Modern fuel injected cars have a single fuel line. There is no longer a return line.
Right you are.
That’s what I get for focusing more on late-nineties designs and therefore presuming that returnless was an outlier. Sure enough, it seems that most, if not all, of the major manufacturers have gone returnless.
I hope you read this because it is probably NOT vapor lock. This is a fuel pump problem. The in-tank pump overheats and fails. Once it cools down, it’ll restart and run fine. The pump will diagnostic test just fine in the shop, but it will strand the dealer mechanic five miles down the road on a hot summer day.

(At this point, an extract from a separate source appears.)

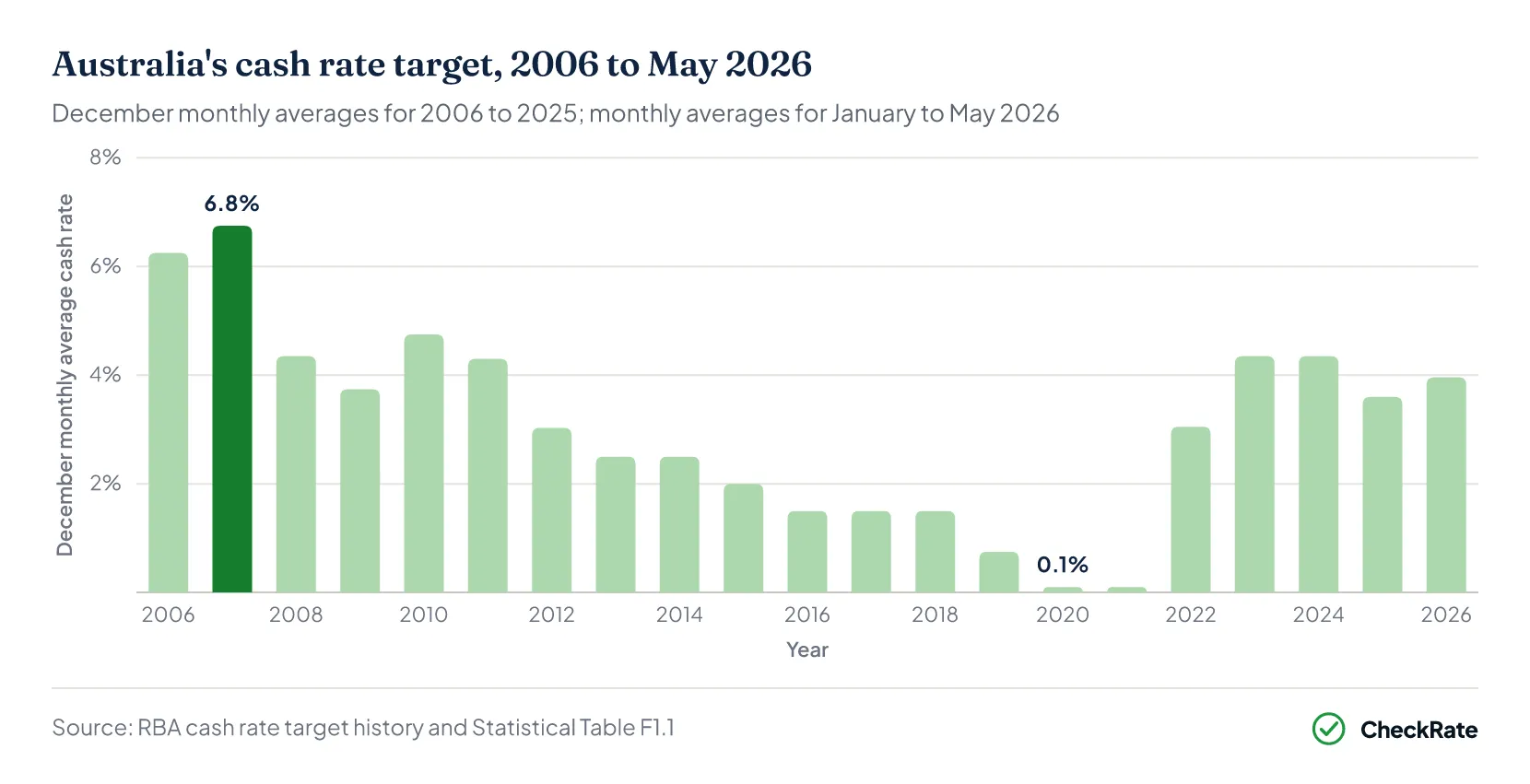 Bar chart showing RBA cash rate target December monthly averages from 2006 to 2026. The rate fell from 6.75% in 2007 to 0.10% in 2020-2021, rose sharply to 4.35% by 2023, eased to 3.60% in 2025, then averaged 3.96% over January to May 2026.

Once the pump was swapped out, no more problems.
Not sure what causes the pump to fail the first time, but most of the cars I’ve seen with that problem either got gas with water (premium in low traffic areas) or had a high ethanol content.
In every case, replacing the pump solved the problem. Believe me, when customers say they can only drive their car at night or when it is cold, you pay attention.
Yes. I have this car it’s a real piece of . It’s not vapor lock though. The fuel tank has a design flaw and it builds up vacuum and starves the fuel pump.